FIFA’s new World Cup injury rule is under scrutiny after incidents in which treated players had to stay off the pitch for one minute.
A FIFA rule introduced at the 2026 World Cup to discourage feigned injuries and time-wasting is facing early scrutiny over a possible loophole: it can leave a team temporarily short-handed even when its player appears to have been hurt by an unpunished opponent.
According to a report by Varzesh3, the measure is tied to an amendment to Law 5.3 concerning referees’ authority in injury situations. If play is stopped so an apparently injured player can receive treatment, that player must remain beyond the touchline for exactly one minute after the match restarts before returning.
The purpose is clear enough. Football authorities have long tried to reduce dead time caused by players staying down to slow a match. But the concern raised by the report is that the rule does not separate simulation from a real injury caused by contact the referee failed to punish.
That creates a narrow but consequential problem. If the referee misses a foul, and the incident is not serious enough for the video assistant referee to intervene for a possible red card, the injured player’s team can face three consequences at once: the opponent is not punished, VAR does not correct the decision, and the team that lost the player must play with 10 men for one minute.
Varzesh3 cited several early World Cup examples. In France’s match against Senegal, the report said William Saliba stepped on Ismaila Sarr’s foot in a non-deliberate but forceful challenge that referee Alireza Faghani did not spot. After play was later stopped for Sarr to receive treatment, Sarr was required to stay off for a minute, leaving Senegal down a player during an attacking phase.

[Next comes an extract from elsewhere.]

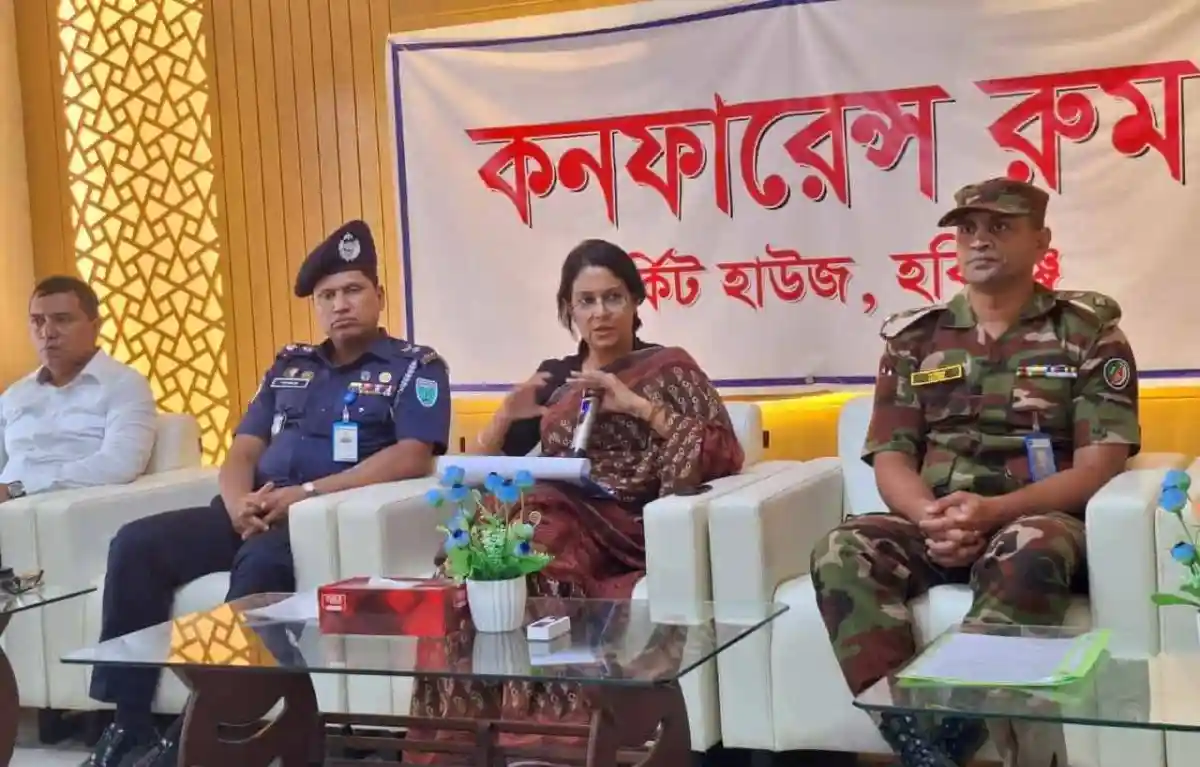 বাংলাদেশের বিভিন্ন সরকারি কর্মকর্তা ও সেনা ও পুলিশ সদস্য আলোচনা সভায় অংশগ্রহণ করছেন।. Channel i News - চ্যানেল আই নিউজ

The same match produced another illustration late on, when the ball struck Kylian Mbappe in the face. The referee stopped play for his condition, and Mbappe also had to wait out the one-minute period before re-entering. Varzesh3 reported that Senegal came close to scoring while France were temporarily reduced to 10 men.
A third example came in Ivory Coast’s match against Ecuador, where the report said Moises Caicedo took a heavy blow from an opponent that French referee François Letexier did not judge to be a foul. Caicedo was then sent off the field for the one-minute interval under the injury rule.
The current exceptions, as described in the report, cover goalkeepers, collisions between teammates, incidents in which the referee shows a yellow or red card to the offending player, and penalty decisions. Those carveouts do not address a missed foul that falls below the threshold for VAR intervention.
One possible fix would be allowing VAR to alert the referee to an unseen foul so the injured player is not forced off. But the report notes the tradeoff: expanding that practice could invite players to go down after ordinary contact in hopes of triggering reviews, undermining the rule’s original aim of speeding up play.
So far, the temporary absences cited by Varzesh3 have not directly resulted in goals. The risk is that in a knockout match, a one-minute imbalance caused by an uncalled challenge could become decisive.